The Court admonished that the reviewing court is constrained to accept the trial court's factual findings if supported by substantial evidence "even though it has the feeling it might have reached a different conclusion were it the trial tribunal." Id. at 471. In this regard, the Court further instructed: "That the case may be a close one or that the trial court decided all evidence or inference conflicts in favor of one side has no special effect." Ibid. An appellate court may only reverse a factual finding, whether underlying or ultimate, if it is "clearly a mistaken one and so plainly unwarranted that the interests of justice demand intervention and correction." Ibid. Only under such circumstances, may an appellate court make its own findings and conclusions as if it were deciding the matter de novo. Ibid. This restrictive standard requires that for a reviewing court to reject the trial judge's findings, there "must exist in the reviewing mind . . . a definite conviction that the judge went so wide of the mark, a mistake must have been made." Ibid.

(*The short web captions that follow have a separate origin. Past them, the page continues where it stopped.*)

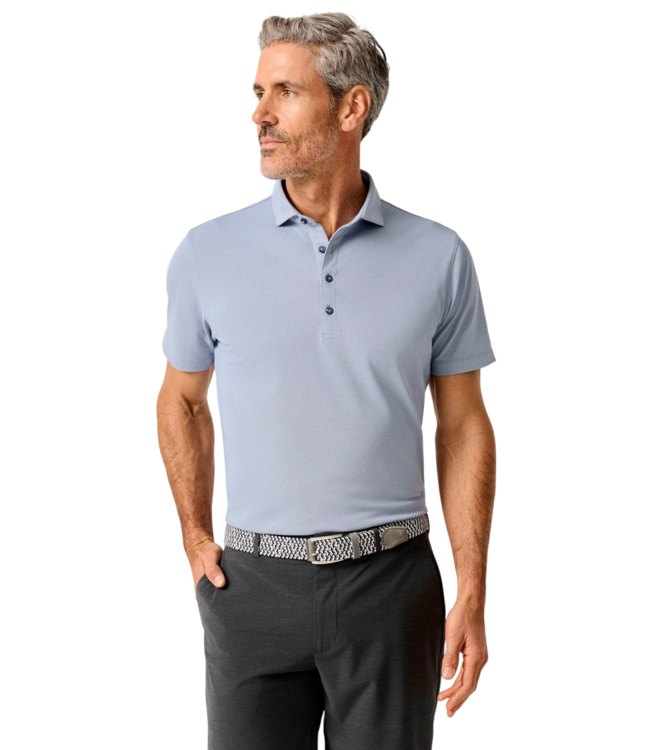 Johnnie-O Clegg Polo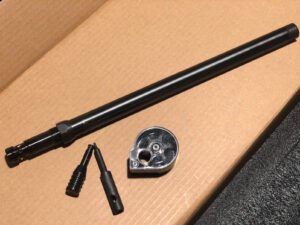 BinTac Barrel Kit For AEA HP Max& M50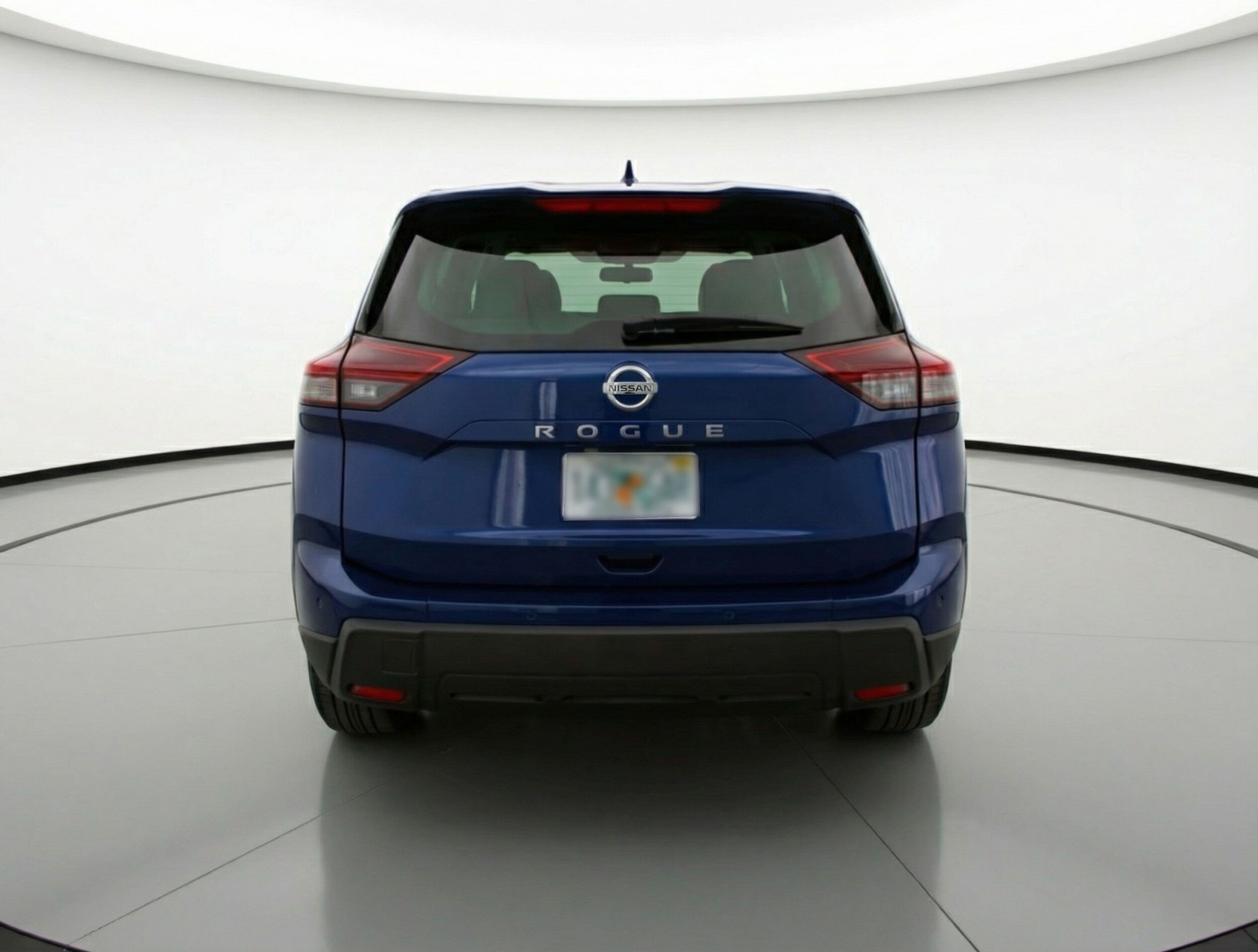 Thumbnail: 2025 Nissan Rogue - 7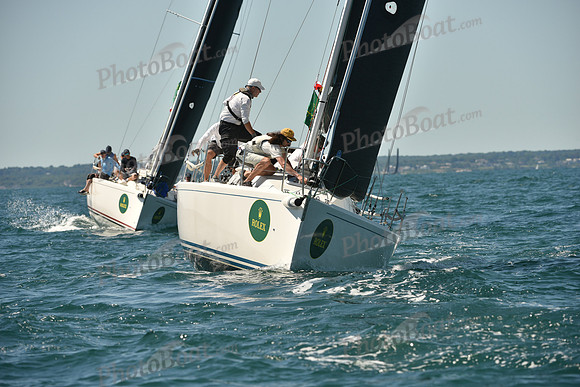 2018 NYYC Race Week B_0760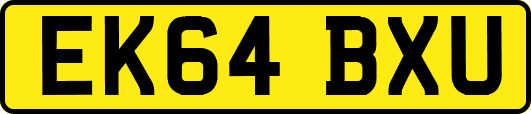 EK64BXU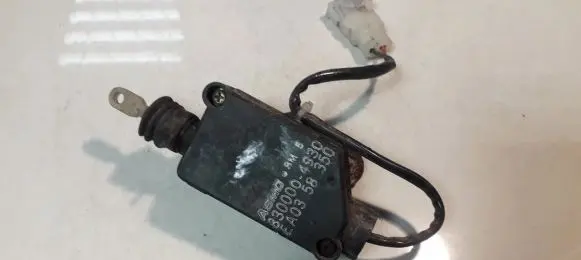 Mazda MX-3 Central locking motor 8300004930 830000-4930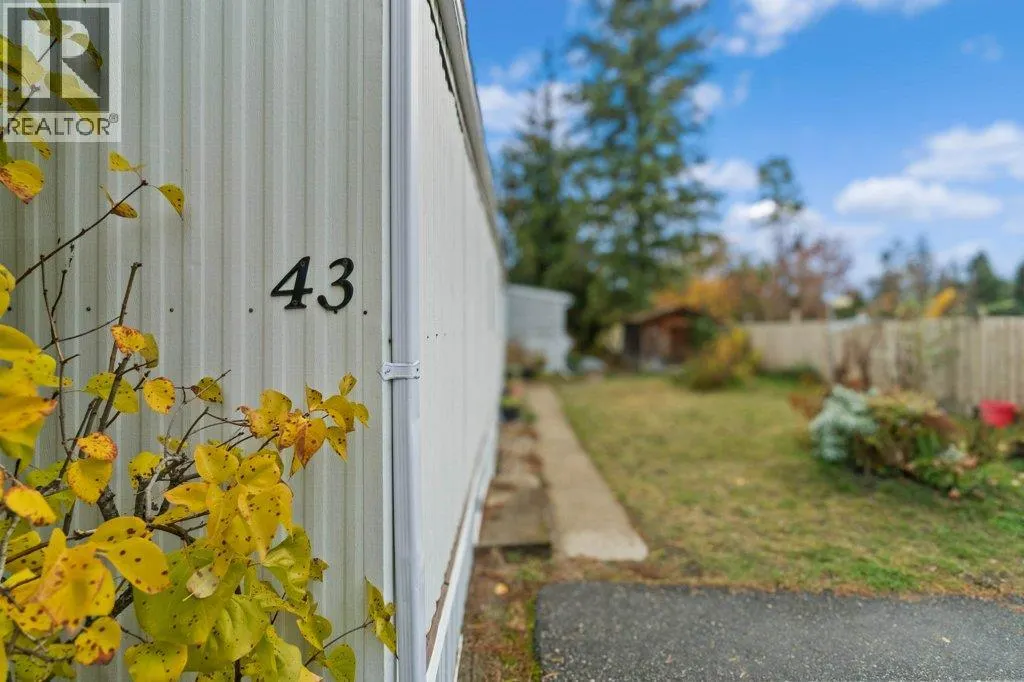 1361 30 Street SE Unit# 43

Our review, of course, is of the findings of the Law Division, not the municipal court. State v. Oliveri, 336 N.J. Super. 244, 251 (App. Div. 2001). Judge Cook took into account evidence that was favorable to plaintiff, including that he performed satisfactorily on the roadside sobriety tests. However, the judge attributed greater weight to other evidence that supported a finding that defendant's ability to operate a motor vehicle was deleteriously affected. That evidence was primarily the erratic driving, which consisted of not merely a single and isolated occurrence, but several in succession, which Rulli observed and described.

The record also contained other evidence supporting an impaired condition. Although the odor of alcohol on defendant's breath was nothing more than an affirmation of defendant's acknowledgement that he had consumed some intoxicating liquor, his bloodshot and watery eyes were indicative of more than minimal consumption. His difficulty in identifying and producing driving credentials over a fairly extended period of time also indicated an impaired condition. And, Rulli rendered an opinion that defendant's condition was impaired.

Judge Cook, as the factfinder, had the right to consider the totality of the evidence, both favorable and unfavorable to defendant, and make an ultimate factfinding as to whether defendant was driving while intoxicated within the meaning of the DWI statute.

In that regard, we agree with Judge Cook's assessment of our well established jurisprudence describing the meaning of "intoxicated" in the DWI context. The phrase "under the influence of intoxicating liquor" prescribes "a general condition, short of intoxication," as a result of which the driver of a motor vehicle is "said to be so affected in judgment or control as to make it improper for him [or her] to drive on the highways." Johnson, supra, 42 N.J. at 165. The phrase embraces not only

the well-known and easily recognized conditions and degrees of intoxication, but any abnormal mental or physical condition which is the result of indulging in any degree in intoxicating liquors and which tends to deprive him [or her] of that clearness of intellect and control of himself [or herself] which he [or she] would otherwise possess.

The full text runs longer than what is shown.